Bu arada Rusya’da çarlık yönetiminin baskısı altında yaşayan Türkler arasında da ulusal uyanış hareketi başlamıştı. Kırım’da Gaspıralı İsmail Bey’in, Kazan’da Şahabeddin Mercani ile Abdülkayyum Nasıri’nin, Kafkasya’da da Feth Ali Ahundzade’nin öncülük ettiği bu hareket yeni kuşak aydınlar arasında da birçok yandaş bulmuştu. Bu aydınların gerek yayın organları yoluyla, gerek doğrudan Osmanlı aydınları ile ilişki kurmaları düşünce alışverişini de hızlandırmıştı. 1900’lerin başında II. Abdülhamid yönetimine karşı mücadele eden Jön Türkler arasında da Türkçü düşünceler tartışılmaya başlandı. O güne kadar Jön Türkler yalnızca meşrutiyet rejiminin geri getirilmesi için çalışıyorlar, Osmanlı birliğini korumayı da temel alıyorlardı. İlk kez, Kırımlı bir aydın olan Yusuf Akçura Türkçülük’ü Jön Türkler’in gündemine getirdi. Yusuf Akçura artık Osmanlı birliğini savunmanın olanaksız olduğunu, Türkler arasında ulusal bilincin yaygınlaşması için çalışmak gerektiğini ileri sürdü. Ahmet Ağaoğlu, Tunalı Hilmi. Ahmet Ferid (Tek) gibi Jön Türkler de onu desteklediler. Böylelikle Türkçülük siyasal bir nitelik de kazanmaya başladı.

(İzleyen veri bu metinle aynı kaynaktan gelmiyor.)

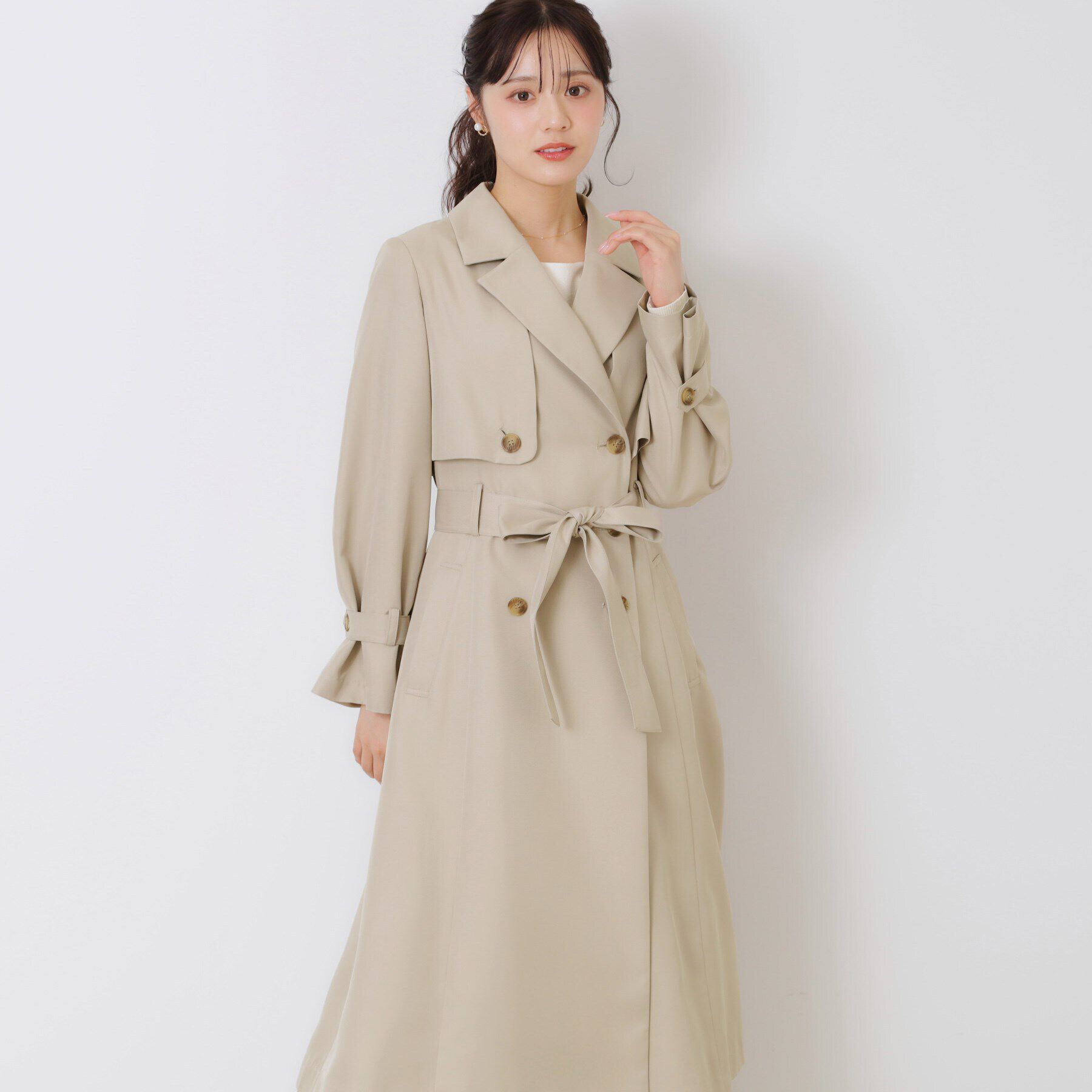 Couture broach「【撥水・通勤・大人可愛い】ロングトレンチ」|トレンチコート|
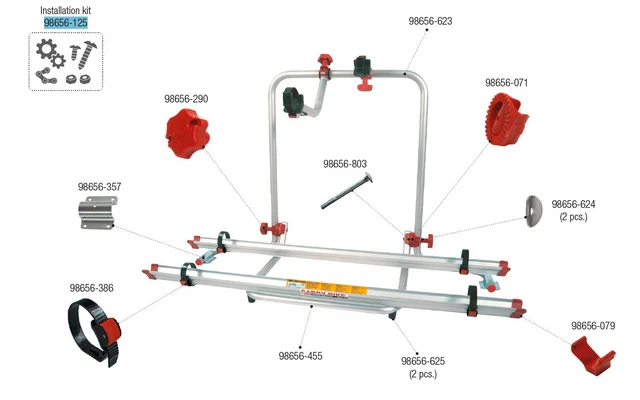 Fiamma Montagesatz passend für Carry Bike Garage Plus – Fiamma Ersatzteilnummer 98656-125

Türkçülük 1908’de II. Meşrutiyet’in ilanından sonra örgütlü bir hareket durumuna geldi. Türkçüler hem iktidara gelen İttihat ve Terakki içinde yer alarak bu örgütün düşünsel yapısını biçimlendirmeye, siyasal yönelimlerini etkilemeye çalıştılar, hem de Türk Derneği, Türk Yurdu, Türk Ocakları gibi kendi örgütlerini kurarak kültürel alandaki etkinliklerini artırdılar.
Bu arada İttihat ve Terakki’nin genel merkez yöneticileri arasına giren Ziya Gökalp, Türkçülük düşüncesini sistemli bir ideoloji haline getirme yolunda çalışmalara koyuldu. Bu dönem de Selanik’te çıkan Genç Kalemler dergisinin de dilde Türkçülük’ün olgunlaşmasında önemli rolü oldu. Ömer Seyfettin’in bu dergide çıkan “Yeni Lisan” adlı yazısı ulusal bir dil ve edebiyat yaratılması yolundaki çabalara öncülük etti.
Osmanlıcılık, Batıcılık, İslamcılık gibi II. Meşrutiyet döneminin öbür düşünce akımlarına bağlı kişilerle zaman zaman sert tartışmalara da giren Türkçüler, İttihat ve Terakki’nin 1913’te yönetime tek başına egemen olmasından sonra belirgin bir üstünlük elde ettiler.
Bütün Türkler’in bir bayrak altında birleşmeleri ülküsünü ifade eden ve Ziya Gökalp’in Türkçülük’ün son hedefi olarak nitelediği Turan düşüncesi bazı kişilere I. Dünya Savaşı koşullarında hemen gerçekleşecek gibi göründü. Böyle düşünenlerin başında gelen Enver Paşa’nın bu uğurda giriştiği askeri harekât binlerce Türk gencinin kanının dökülmesine neden oldu.
I. Dünya Savaşı Osmanlı Devleti’nin de aralarında yer aldığı İttifak Devletleri’nin yenilgisiyle sonuçlandı. Savaş sırasında iktidarda bulunan İttihat ve Terakki ile onun ideolojisi Türkçülük bu yüzden sert eleştirilere uğradı. Ama Kurtuluş Savaşı’nın başarıya ulaşması ve Anadolu’da ulusal temele dayalı yeni bir devletin kurulması Türkçülük’e yeniden itibar kazandırdı. Ziya Gökalp’in bu gelişmeleri dikkate alarak yeniden biçimlendirdiği Türkçülük, Türkiye Cumhuriyeti’nin ideolojik yapısının oluşmasında etkili oldu.